轉眼到了三月初十,洛陽城從清晨開始就極其熱鬧。早起的人們驚訝地發現一夜間整個洛陽城主街道兩旁都長滿了各色的海棠。這自然是裕王爺的手筆,裕王暗衛營的七七四十九號人連夜種花種到吐,據說裕王妃極愛海棠,滿洛陽城的人交口稱贊裕王用情至深,連裕王自己都快信了。
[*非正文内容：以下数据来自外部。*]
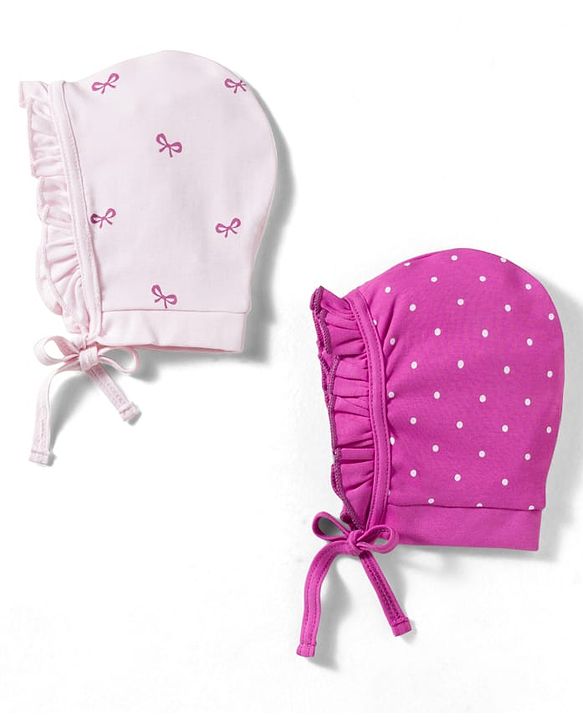 Babyhug 100% Cotton Interlock Knit Caps With Polka dot & Bow Prints Pack of 2 Multicolor- Diameter 7 cm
花轎顫顫悠悠的地走過了洛陽城的大街小巷,銅錢撒了一路。坐在轎子里的蘇二小姐蘇棋聽著外面起哄喧囂的道喜的聲音,臉上逐漸暈染起紅霞,映著火紅的嫁衣,顯得格外嬌俏動人。然而這個模樣騎著高頭大馬走在前面的裕王爺看不見,旁人也看不見,看得見的只有坐在玉琳閣三樓臨窗位置咬著糖瓜看熱鬧的明珠和坐在她旁邊叼著芙蓉糕吃得高高興興的李炾。非人的透視能力讓他們幾乎毫無遺漏地看到了蘇二小姐的所有一舉一動。李炾覺得無聊,掃了幾眼就挪開了視線,繼續跟面前的芙蓉糕奮斗,明珠倒是看得津津有味。小姑娘的眼睛亮晶晶的,糖瓜塞得她的嘴巴鼓鼓的,像一只雙頰藏滿了糧食的小倉鼠,含混不清地嘀咕著:“原來這就是官家人成親啊。”
李炾笑了,拍了拍小姑娘的頭:“小丫頭也想嫁人嗎?想當新娘子嗎?”
明珠扭頭看了他一眼,倒是沒直接回答他,嘴里“嘎吱嘎吱”的聲音響起,明珠嚼碎了含著的糖瓜咽下,瞇著眼笑,手指指著那條長長的迎親隊伍:“你看,她多好看啊。”
李炾探頭一看,隊伍行進著,明珠指著的人正是走在最前面的裕王爺,他舔了舔舌頭,手里的芙蓉糕突然就不香了。
迎親的風裕似有所感地抬頭,看到的正是明珠關窗坐下的背影,一片水藍色的衣角倏然消失在窗后,速度快的仿佛是個幻覺。